The latest round in a decades-old battle over the drug revolves around a 2-year-old state law that would make illegal the personal at-home use of small amounts of marijuana in Alaska.
A lower court struck down part of the law two years ago saying it conflicts with past Supreme Court decisions. The state Department of Law appealed the case.
This week special assistant attorney general Dean Guaneli reprised his argument that the new law contains findings by the Legislature on the dangers of marijuana that were not considered by the court in the past.
"It's a different kind of drug, it's a different era and the Legislature considered all that and reached its decision," said Guaneli after the hearing.
The American Civil Liberties Union of Alaska challenged the law on the grounds that the state constitution and its privacy provisions protect adults who use marijuana in their homes.
Attorneys said the state has failed to prove that public health has suffered in Alaska a result of the court's 1975 landmark decision, known as Ravin v. State. "The effect of Ravin has been that privacy rights are respected. Nothing relevant has changed since 1975," said ACLU staff attorney Adam Wolf.
The state law at issue was approved by the 2006 Alaska Legislature, spurred on by then-Gov. Frank Murkowski. The idea was to trigger a constitutional challenge and ultimately overturn the Ravin decision.
In gearing up for a court fight, Murkowski and the Legislature included in the bill a set of findings meant to prove that marijuana has increased in potency since the original Supreme court decision, and therefore had become more dangerous.
When the law took effect that June, the ACLU sued the state and Juneau Superior Court Judge Patricia Collins struck it down one month later, saying the new law conflicted with past constitutional decisions of the Supreme Court. Collins limited her decision to possession of less than 1 ounce of marijuana, even though the state law increases penalties for possession of more than that amount.

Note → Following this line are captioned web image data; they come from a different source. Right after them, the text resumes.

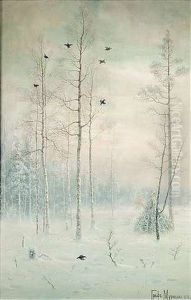 Fasanenjagd Im Winterlichen Wald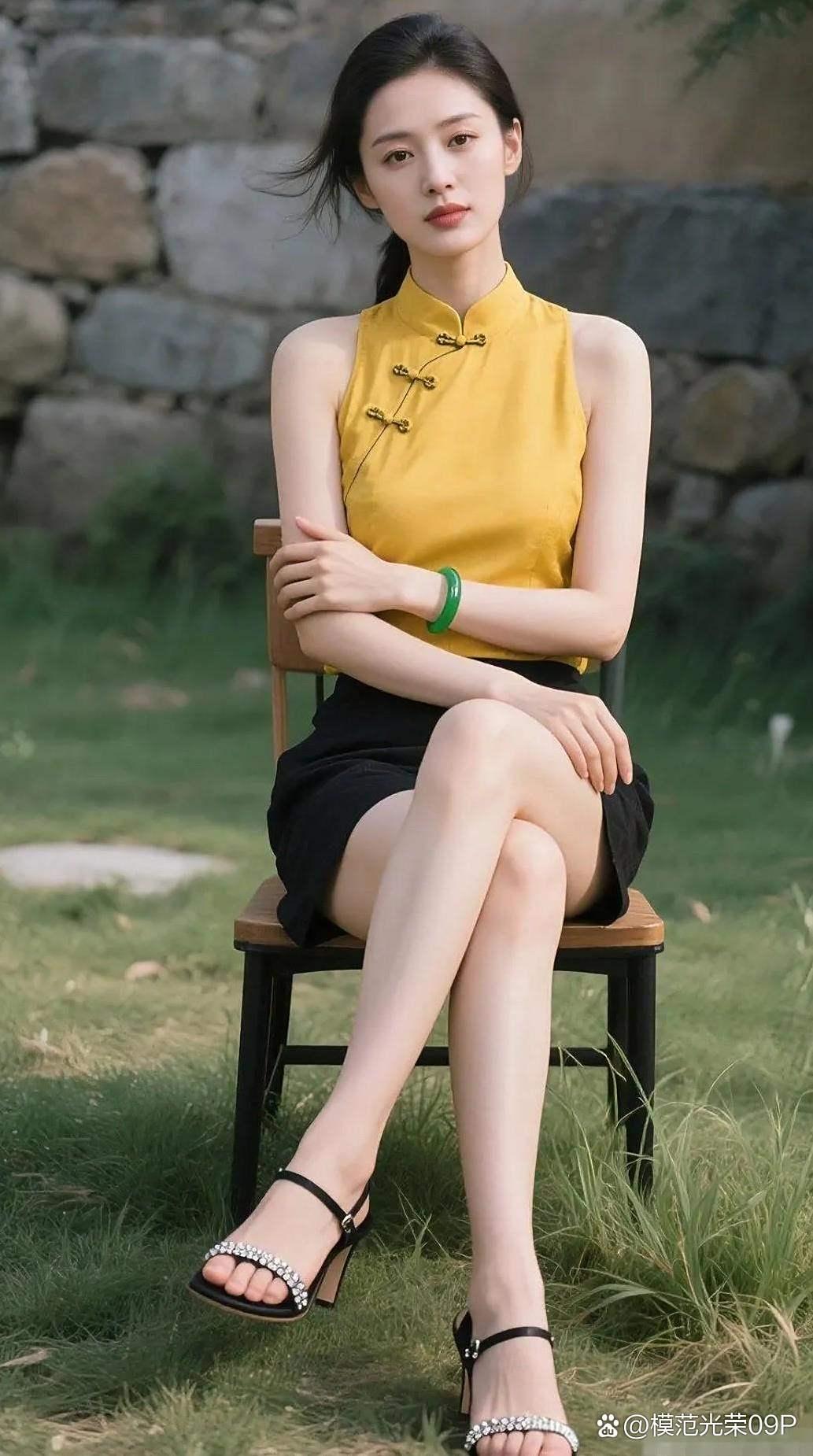 胡连馨白色短袜各色美腿写真[8]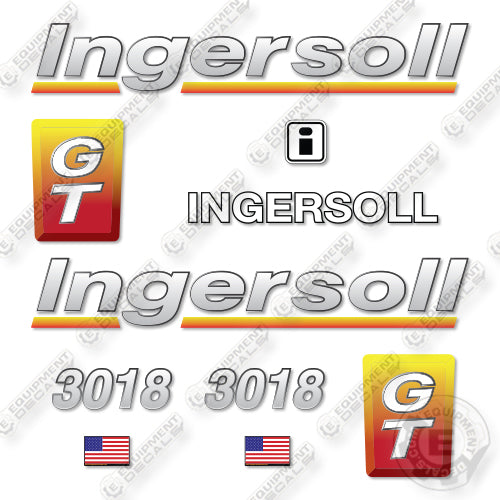Ingersoll-Rand 3018 GT Decal Kit Mower Tractor- Aftermarket Kit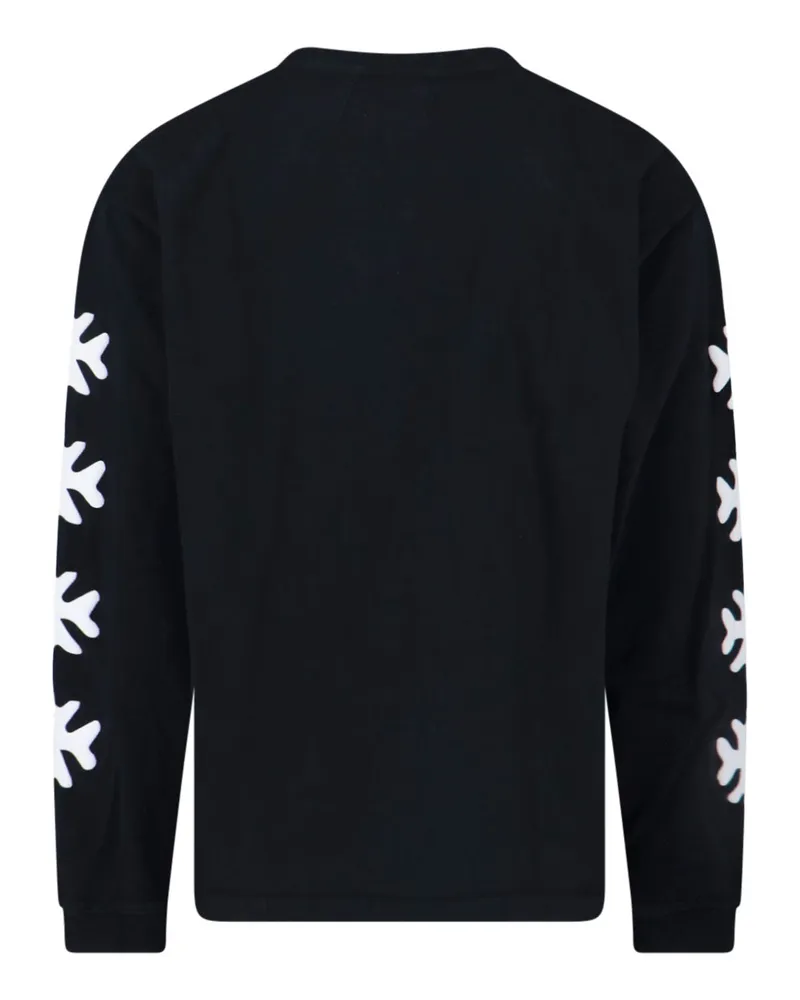 RHUDE Men's T-Shirts And Polos Black Cotton Black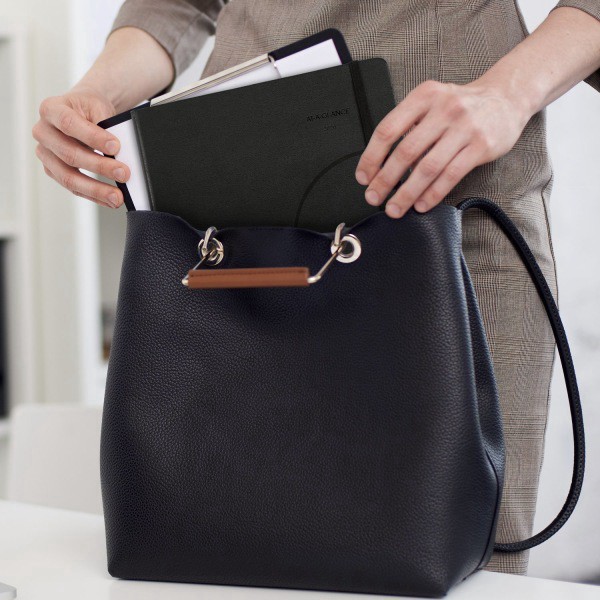 slide 5 of 10, AT-A-GLANCE® Plan. Write. Remember.® 2026 Weekly Monthly Appointment Book Planner, Casebound, Black, Large, 7 1/2"" x 10"", 1 ct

The Alaska Constitution has a special guarantee of privacy from government interference. And the Ravin decision said that right-to-privacy outweighs any social harm that might be caused by the personal at-home use of small amounts of marijuana. While the decision was not absolute, the court said the state would have to clear a very high hurdle to justify interfering with that right to privacy.
The state is using the legislative findings to argue that time has come.
Guaneli said that marijuana's psychoactive ingredient, known as THC, is far more potent than before, that pregnant women in Alaska use marijuana at a higher rate than the national average and that 10 percent of users become psychologically dependent on the drug.
He said he wanted to dispel the notion that the use of marijuana is OK "if all you do is step over the threshold of your home before you light up."
The ACLU, however, argued that the court should not bow to politically motivated findings that were tailor-made for the case.
Wolf said the independence of the judiciary was at stake and the court "needs to look with extreme skepticism at the legislature's findings" before it considered overturning decades of precedence protecting Alaskan's right to privacy.
The ACLU is joined by two individual plaintiffs. A 54-year-old woman referred to as Jane Doe uses marijuana to treat pain caused by a neurological illness, according to the ACLU.She and another plaintiff, a 42-year-old woman referred to as Jane Roe, won't list their real names because they fear prosecution under the new law.
The court is expected to rule on the case within a year. The justices could remand the case back to the lower court for trial.